### [Exercise inputs]
BEGIN

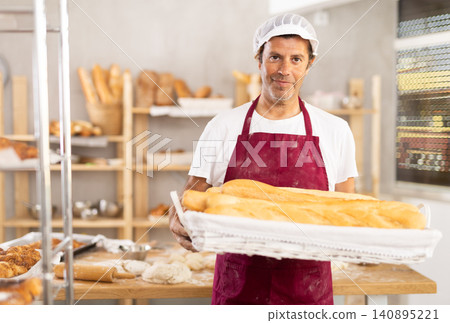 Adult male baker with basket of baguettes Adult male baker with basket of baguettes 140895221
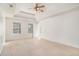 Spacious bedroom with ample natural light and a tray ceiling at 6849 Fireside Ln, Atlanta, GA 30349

END
BEGIN

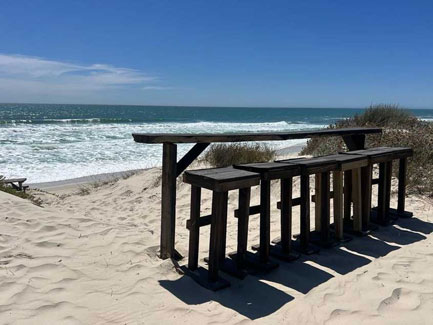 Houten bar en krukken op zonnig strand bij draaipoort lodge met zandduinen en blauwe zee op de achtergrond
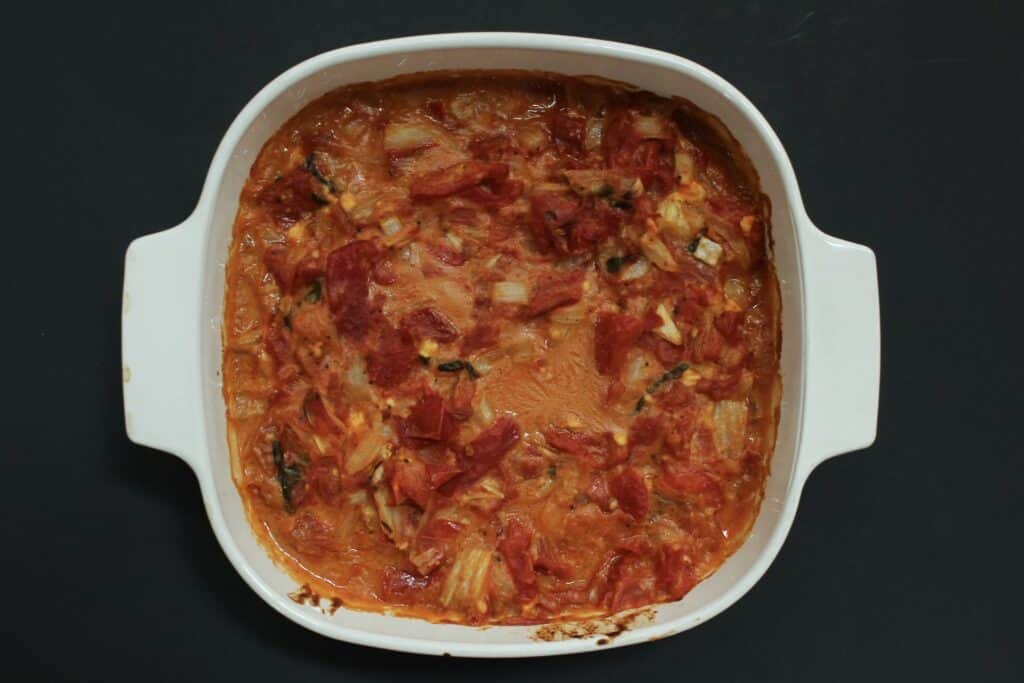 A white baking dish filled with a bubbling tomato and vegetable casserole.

END
BEGIN

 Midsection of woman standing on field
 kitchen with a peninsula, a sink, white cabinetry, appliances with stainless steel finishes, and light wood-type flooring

END

### [Instructions for the task]
Please repeat, exactly as written, the lines in the records above, starting with the one that has "Adult male baker with basket of baguettes Adult" and going on through the one that has "Spacious bedroom with". Pictures are to be left out.

### [Answer to this exercise]
 Adult male baker with basket of baguettes Adult male baker with basket of baguettes 140895221
 Spacious bedroom with ample natural light and a tray ceiling at 6849 Fireside Ln, Atlanta, GA 30349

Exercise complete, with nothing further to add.